[Python-ideas] Implicit submodule imports

Thu Sep 25 07:07:29 CEST 2014

On Wed, Sep 24, 2014 at 7:10 PM, M.-A. Lemburg <mal at egenix.com> wrote:
> Agreed, it's a nice feature :-)
>
> I've been using this in our mx packages since 1999 using a module
> called LazyModule.py. See e.g.
> http://educommons.com/dev/browser/3.2/installers/windows/src/eduCommons/python/Lib/site-packages/mx/URL/LazyModule.py
>
> Regarding making module more class like: we've played with this
> a bit at PyCon UK and it's really easy to turn a module into a
> regular class (with all its features) by tweaking sys.modules -
> we even got .__getattr__() to work. With some more effort, we
> could have a main() function automatically called upon direct
> import from the command line.
>
> The whole thing is a huge hack, though, so I'll leave out the
> details :-)

Indeed.
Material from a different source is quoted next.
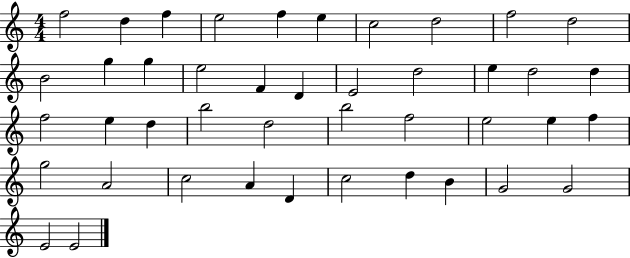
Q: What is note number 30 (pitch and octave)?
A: E5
I can think of multiple places where there are compelling
reasons to want to hook module attribute lookup:

Lazy loading: as per above. E.g., ten years ago for whatever reason,
someone decided that 'import numpy' ought to automatically execute
'import numpy.testing' as well. So now backcompat means we're stuck
with it. 'import numpy.testing' is rather slow, to the point that it
can be a substantial part of the total overhead for launching
numpy-using scripts. We get bug reports about this, from people who
are irritated that their production code is spending all this time
loading unit-test harnesses and whatnot that it doesn't even use.

Module attribute deprecation: For reasons that are even more lost in
the mists of time, numpy re-exports some objects from the __builtins__
namespace (e.g., numpy.float exists but is __builtins__.float; if you
want the default numpy floating-point type you have to write
numpy.float_). As you can probably imagine this is massively confusing
to everyone, but if we just removed these re-exports then it would
break existing working code (e.g., 'numpy.array([1, 2, 3],
dtype=numpy.float)' does work and do the right thing right now), so
according to our deprecation policy we have to spend a few releases
issuing warnings every time someone writes 'numpy.float'. Which
requires executing arbitrary code at attribute lookup time.

I think both of these use cases arise very commonly in long-lived
projects, but right now the only ways to accomplish either of these
things involve massive disgusting hacks. They are really really hard
to do cleanly, and you risk all kinds of breakage in edge-cases (e.g.
try reload()'ing a module that's been replaced by an object). So, we
haven't dared release anything like this in production, and the above
problems just hang around indefinitely.

What I'd really like is for module attribute lookup to start
supporting the descriptor protocol. This would be super-easy to work
with and fast (you only pay the extra overhead for the attributes
which have been hooked).

-n

-- 
Nathaniel J. Smith
Postdoctoral researcher - Informatics - University of Edinburgh
http://vorpus.org